We have 2 physical machines in company. Both have the same HW configuration, running the same CPU:
Intel(R) Xeon(R) CPU E5420 @ 2.50GHz
One is a regular linux, and on second one we have ESX, version 4.
In the ESX we have linux, which should be almost identical with the linux on first machine.
The kernel version is: (a bit old for these days, but needed cause of old project)
Linux x 2.4.21-53.ELhugemem #1 SMP Wed Nov 14 03:46:17 EST 2007 i686 i686 i386 GNU/Linux
The problem is that virtualized linux is running slower. I have read, that the overhead should be ~8%, which is something I could live with.

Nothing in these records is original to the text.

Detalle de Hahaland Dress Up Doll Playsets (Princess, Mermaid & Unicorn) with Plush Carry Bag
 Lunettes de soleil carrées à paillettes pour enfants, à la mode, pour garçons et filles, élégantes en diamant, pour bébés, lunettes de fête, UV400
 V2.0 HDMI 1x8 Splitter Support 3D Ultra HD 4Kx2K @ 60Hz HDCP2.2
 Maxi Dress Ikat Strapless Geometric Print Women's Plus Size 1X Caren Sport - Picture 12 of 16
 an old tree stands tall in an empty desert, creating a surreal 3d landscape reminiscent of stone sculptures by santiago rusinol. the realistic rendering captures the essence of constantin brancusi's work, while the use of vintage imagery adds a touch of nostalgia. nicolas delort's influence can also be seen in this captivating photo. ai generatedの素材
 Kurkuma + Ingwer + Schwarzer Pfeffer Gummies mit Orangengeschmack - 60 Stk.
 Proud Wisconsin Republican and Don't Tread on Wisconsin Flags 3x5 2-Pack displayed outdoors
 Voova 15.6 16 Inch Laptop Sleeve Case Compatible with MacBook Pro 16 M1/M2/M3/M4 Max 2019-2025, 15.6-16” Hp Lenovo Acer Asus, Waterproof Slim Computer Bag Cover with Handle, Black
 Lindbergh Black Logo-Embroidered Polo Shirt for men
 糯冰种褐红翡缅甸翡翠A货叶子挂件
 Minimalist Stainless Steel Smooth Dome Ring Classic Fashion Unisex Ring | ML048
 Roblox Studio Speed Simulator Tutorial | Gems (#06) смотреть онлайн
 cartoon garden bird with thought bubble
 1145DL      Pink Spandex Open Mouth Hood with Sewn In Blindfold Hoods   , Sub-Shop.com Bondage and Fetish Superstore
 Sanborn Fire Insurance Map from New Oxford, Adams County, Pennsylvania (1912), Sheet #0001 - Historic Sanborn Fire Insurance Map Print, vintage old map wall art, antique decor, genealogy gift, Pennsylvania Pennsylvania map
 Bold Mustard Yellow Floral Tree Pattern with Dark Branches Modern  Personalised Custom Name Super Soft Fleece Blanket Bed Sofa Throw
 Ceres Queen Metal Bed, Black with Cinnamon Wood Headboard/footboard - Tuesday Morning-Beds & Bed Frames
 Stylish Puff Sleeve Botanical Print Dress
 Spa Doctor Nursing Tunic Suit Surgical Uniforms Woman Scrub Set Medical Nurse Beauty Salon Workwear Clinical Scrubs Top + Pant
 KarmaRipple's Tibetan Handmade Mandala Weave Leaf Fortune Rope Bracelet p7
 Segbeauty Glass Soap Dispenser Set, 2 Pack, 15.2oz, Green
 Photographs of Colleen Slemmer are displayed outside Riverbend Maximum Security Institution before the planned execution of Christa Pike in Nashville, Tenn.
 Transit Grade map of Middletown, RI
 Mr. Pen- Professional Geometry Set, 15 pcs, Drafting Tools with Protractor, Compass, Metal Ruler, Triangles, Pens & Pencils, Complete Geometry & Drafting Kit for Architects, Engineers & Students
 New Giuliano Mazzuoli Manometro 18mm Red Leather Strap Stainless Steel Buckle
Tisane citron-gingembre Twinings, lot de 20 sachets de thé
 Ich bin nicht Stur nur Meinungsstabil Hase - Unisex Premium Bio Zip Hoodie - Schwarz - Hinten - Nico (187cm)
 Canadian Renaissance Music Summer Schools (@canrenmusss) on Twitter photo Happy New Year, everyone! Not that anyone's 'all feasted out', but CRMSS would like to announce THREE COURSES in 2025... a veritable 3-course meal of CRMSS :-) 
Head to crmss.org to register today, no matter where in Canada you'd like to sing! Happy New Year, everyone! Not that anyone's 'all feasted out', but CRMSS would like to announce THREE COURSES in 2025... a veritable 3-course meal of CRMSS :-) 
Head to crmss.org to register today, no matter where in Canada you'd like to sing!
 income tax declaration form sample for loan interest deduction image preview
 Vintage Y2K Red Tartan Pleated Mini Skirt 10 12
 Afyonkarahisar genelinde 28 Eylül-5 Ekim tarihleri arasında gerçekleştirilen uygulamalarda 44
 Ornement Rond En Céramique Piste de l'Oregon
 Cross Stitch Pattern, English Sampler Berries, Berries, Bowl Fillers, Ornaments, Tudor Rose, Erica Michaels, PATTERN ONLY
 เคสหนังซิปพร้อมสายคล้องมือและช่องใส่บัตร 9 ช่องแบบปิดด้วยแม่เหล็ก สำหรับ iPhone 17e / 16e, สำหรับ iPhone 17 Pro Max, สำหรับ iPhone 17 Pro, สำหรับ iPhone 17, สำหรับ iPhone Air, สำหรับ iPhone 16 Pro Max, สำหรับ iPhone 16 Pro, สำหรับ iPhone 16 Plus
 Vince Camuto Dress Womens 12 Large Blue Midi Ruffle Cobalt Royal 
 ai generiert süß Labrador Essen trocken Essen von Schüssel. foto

But the performance hit can be seen by naked eye.
I made 2 test programs:
First was just doing some extensive work in userspace (e.g. giant loop and counting numbers). Here the performance hit is around 8%-10%, which is fine.
Second program is doing syscalls - "close(0);" in loop. And this is where things aren't pretty anymore:
Linux running on real HW:
Code:
% time seconds usecs/call calls errors syscall
------ ----------- ----------- --------- --------- ----------------
99.65 0.963257 10 100002 99999 close
0.15 0.001403 33 43 41 open
0.14 0.001368 34 40 36 stat64
0.06 0.000566 566 1 execve
0.00 0.000027 5 5 old_mmap
0.00 0.000007 4 2 fstat64
0.00 0.000006 6 1 read
0.00 0.000006 6 1 munmap
0.00 0.000004 4 1 uname
0.00 0.000003 3 1 brk
------ ----------- ----------- --------- --------- ----------------
100.00 0.966647 100097 100076 total
real 0m4.613s
user 0m0.760s
sys 0m3.730s
Linux running on ESX:
Code:
Process 14702 detached
% time seconds usecs/call calls errors syscall
------ ----------- ----------- --------- --------- ----------------
77.76 17.1206772 182 100002 99999 close
3.01 0.703602 703602 1 execve
2.99 0.700382 700382 1 set_thread_area
2.99 0.700337 700337 1 munmap
2.99 0.700328 700328 1 uname
2.99 0.700123 700123 1 read
2.99 0.700108 700108 1 brk
2.14 0.500571 100114 5 old_mmap
1.71 0.400229 200115 2 fstat64
0.43 0.100360 33453 3 1 open
------ ----------- ----------- --------- --------- ----------------
100.00 23.412812 100018 100000 total
real 0m48.434s
user 0m5.410s
sys 0m40.610s
The machine running on ESX spent 1200% more time doing the same thing.
Any ideas why this is happening? It seems, that the context switch is very expensive for some reason.